_Data to process_.

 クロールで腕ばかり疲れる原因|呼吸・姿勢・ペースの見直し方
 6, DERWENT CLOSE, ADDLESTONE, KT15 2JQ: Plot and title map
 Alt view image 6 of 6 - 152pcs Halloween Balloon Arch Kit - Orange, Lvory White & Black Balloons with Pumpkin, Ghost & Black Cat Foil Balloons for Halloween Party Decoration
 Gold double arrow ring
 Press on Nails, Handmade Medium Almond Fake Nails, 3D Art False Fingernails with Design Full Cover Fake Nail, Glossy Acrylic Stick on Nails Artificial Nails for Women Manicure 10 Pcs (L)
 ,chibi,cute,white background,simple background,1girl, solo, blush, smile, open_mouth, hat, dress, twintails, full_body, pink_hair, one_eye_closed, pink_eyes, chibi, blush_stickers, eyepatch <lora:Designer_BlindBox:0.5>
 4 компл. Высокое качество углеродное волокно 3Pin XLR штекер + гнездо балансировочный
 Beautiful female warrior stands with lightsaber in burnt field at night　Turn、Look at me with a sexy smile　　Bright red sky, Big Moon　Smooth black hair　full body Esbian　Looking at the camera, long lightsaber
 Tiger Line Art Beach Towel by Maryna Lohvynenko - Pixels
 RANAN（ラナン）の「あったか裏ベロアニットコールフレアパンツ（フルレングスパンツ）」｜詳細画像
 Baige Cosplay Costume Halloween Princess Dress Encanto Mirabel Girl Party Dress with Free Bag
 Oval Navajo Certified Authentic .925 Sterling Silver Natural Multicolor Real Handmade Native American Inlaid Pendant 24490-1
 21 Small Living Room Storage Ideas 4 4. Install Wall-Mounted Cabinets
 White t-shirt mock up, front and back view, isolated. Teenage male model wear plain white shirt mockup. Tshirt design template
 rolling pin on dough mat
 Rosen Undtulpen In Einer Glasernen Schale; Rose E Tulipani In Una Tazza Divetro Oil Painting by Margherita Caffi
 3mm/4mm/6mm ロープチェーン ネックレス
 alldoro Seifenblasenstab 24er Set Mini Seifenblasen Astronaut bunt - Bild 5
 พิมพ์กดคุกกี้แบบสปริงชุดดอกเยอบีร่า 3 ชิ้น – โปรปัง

_Task statement_. For each record above, write it out again exactly.

_Answer section_.
 クロールで腕ばかり疲れる原因|呼吸・姿勢・ペースの見直し方
 6, DERWENT CLOSE, ADDLESTONE, KT15 2JQ: Plot and title map
 Alt view image 6 of 6 - 152pcs Halloween Balloon Arch Kit - Orange, Lvory White & Black Balloons with Pumpkin, Ghost & Black Cat Foil Balloons for Halloween Party Decoration
 Gold double arrow ring
 Press on Nails, Handmade Medium Almond Fake Nails, 3D Art False Fingernails with Design Full Cover Fake Nail, Glossy Acrylic Stick on Nails Artificial Nails for Women Manicure 10 Pcs (L)
 ,chibi,cute,white background,simple background,1girl, solo, blush, smile, open_mouth, hat, dress, twintails, full_body, pink_hair, one_eye_closed, pink_eyes, chibi, blush_stickers, eyepatch <lora:Designer_BlindBox:0.5>
 4 компл. Высокое качество углеродное волокно 3Pin XLR штекер + гнездо балансировочный
 Beautiful female warrior stands with lightsaber in burnt field at night　Turn、Look at me with a sexy smile　　Bright red sky, Big Moon　Smooth black hair　full body Esbian　Looking at the camera, long lightsaber
 Tiger Line Art Beach Towel by Maryna Lohvynenko - Pixels
 RANAN（ラナン）の「あったか裏ベロアニットコールフレアパンツ（フルレングスパンツ）」｜詳細画像
 Baige Cosplay Costume Halloween Princess Dress Encanto Mirabel Girl Party Dress with Free Bag
 Oval Navajo Certified Authentic .925 Sterling Silver Natural Multicolor Real Handmade Native American Inlaid Pendant 24490-1
 21 Small Living Room Storage Ideas 4 4. Install Wall-Mounted Cabinets
 White t-shirt mock up, front and back view, isolated. Teenage male model wear plain white shirt mockup. Tshirt design template
 rolling pin on dough mat
 Rosen Undtulpen In Einer Glasernen Schale; Rose E Tulipani In Una Tazza Divetro Oil Painting by Margherita Caffi
 3mm/4mm/6mm ロープチェーン ネックレス
 alldoro Seifenblasenstab 24er Set Mini Seifenblasen Astronaut bunt - Bild 5
 พิมพ์กดคุกกี้แบบสปริงชุดดอกเยอบีร่า 3 ชิ้น – โปรปัง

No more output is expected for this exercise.